European shares soar on Italian debt hopes

12 Nov, 2011

European shares ended both the day and week higher on Friday, as political progress in debt-laden Italy fuelled hopes a new government was close to being appointed and would act to implement reforms needed to help stem the eurozone debt crisis. Euro zone financials rallied as the Italian Senate approved a new budget law, which is due to receive final parliamentary approval on Saturday. This could usher in a new emergency government with a mandate to implement a range of austerity measures.

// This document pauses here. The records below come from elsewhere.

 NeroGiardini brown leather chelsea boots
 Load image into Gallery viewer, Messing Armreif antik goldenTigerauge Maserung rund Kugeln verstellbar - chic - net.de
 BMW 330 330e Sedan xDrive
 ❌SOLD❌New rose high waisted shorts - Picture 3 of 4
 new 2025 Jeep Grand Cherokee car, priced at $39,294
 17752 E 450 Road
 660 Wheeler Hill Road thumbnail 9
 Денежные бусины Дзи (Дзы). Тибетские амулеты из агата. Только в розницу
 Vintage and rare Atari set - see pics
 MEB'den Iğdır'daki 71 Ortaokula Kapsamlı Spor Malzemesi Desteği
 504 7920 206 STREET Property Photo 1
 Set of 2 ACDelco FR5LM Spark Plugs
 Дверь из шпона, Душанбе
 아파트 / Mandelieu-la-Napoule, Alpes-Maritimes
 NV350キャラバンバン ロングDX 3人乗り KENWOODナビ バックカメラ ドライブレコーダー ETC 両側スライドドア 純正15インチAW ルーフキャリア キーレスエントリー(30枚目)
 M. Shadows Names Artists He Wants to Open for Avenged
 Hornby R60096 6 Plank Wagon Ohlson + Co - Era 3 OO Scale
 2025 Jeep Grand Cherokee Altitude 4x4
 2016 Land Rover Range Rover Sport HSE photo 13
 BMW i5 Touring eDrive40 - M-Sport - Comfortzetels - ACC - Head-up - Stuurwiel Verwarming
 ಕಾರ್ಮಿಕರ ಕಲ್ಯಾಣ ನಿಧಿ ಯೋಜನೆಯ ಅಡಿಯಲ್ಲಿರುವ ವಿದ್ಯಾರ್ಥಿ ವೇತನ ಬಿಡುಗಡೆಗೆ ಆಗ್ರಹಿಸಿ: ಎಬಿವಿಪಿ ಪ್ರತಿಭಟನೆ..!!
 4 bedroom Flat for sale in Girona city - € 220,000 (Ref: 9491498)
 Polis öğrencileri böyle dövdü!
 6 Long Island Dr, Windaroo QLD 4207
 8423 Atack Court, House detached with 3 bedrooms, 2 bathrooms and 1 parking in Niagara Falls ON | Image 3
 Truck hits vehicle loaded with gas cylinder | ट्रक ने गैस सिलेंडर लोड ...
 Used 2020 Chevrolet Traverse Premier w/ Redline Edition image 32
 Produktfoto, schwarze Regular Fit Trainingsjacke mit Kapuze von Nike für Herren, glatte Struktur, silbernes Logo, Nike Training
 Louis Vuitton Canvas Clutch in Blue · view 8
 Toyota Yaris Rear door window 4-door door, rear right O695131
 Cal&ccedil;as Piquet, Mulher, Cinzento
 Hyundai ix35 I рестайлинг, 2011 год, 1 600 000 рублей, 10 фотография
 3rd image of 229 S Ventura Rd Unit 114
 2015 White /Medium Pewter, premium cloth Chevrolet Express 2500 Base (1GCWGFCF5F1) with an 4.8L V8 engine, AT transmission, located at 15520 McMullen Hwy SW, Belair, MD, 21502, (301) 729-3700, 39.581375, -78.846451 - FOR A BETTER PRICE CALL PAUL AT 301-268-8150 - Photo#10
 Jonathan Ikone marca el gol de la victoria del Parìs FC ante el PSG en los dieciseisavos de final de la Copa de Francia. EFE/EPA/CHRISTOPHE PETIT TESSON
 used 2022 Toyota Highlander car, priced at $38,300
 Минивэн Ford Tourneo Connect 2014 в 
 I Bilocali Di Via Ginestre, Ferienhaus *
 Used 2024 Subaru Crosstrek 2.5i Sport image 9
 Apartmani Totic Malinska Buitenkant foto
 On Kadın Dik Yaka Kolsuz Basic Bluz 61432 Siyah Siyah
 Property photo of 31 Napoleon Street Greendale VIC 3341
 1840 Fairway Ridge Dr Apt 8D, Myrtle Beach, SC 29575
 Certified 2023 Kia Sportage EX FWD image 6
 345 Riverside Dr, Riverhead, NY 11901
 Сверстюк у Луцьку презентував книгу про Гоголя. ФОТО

The FTSE Eurofirst 300 index of leading European shares clocked up a weekly gain as it rose 2.1 percent on the day to close at 983.73 points, led by Italian lender Intesa Sanpaolo, which rose 8.8 percent. "The rally in Italian banks today is driven by the falling yields on the sovereigns," said Marco Troiano, a banking analyst at Berenberg.
"I expect further volatility in the coming weeks, both on the banks and government bonds, but I am convinced that the sovereign risk story on Italy is overplayed, and that once the market concerns settle, Italian banks will re-rate strongly." His views echoed those of Allianz's Chief Financial Officer Oliver Baete, who also said he is confident Italy will put its financial house in order. The German insurer closed up 5.6 percent as it unveiled its third-quarter results, which saw an estimate-beating operating performance overshadow Greek writedowns.
Italy's 10-year benchmark government debt yields fell to 6.5 percent, comfortably below the 7 percent level seen by many as unsustainable. The spread over Germany's Bund shrank below 500 basis points, closing at 460 bps. "I mainly work on the spread at the moment," said a Milan-based equity trader who buys Italian equities when the spread tightens. "I expect it to shrink a little bit more before widening again when the new government starts discussing reforms and tensions come back. It's all about short-term speculation these days."
Milan's blue chip FTSE MIB index was the top performer in western Europe, rising 3.7 percent by the close as the yield on Italy's bonds fell after the Senate vote. Citi strategists recommended taking advantage of cheap valuations among Italian shares to buy "good Italian domiciled companies that do a lot of their business outside of Italy and outside of Europe," highlighting tyre maker Pirelli, which closed up 6 percent. The Euro STOXX 50, the euro zone's leading blue chip index, closed up 3.1 percent at 2,324.81 points, just above the 50 percent Fibonacci Retracement of the slump from its August high to September low.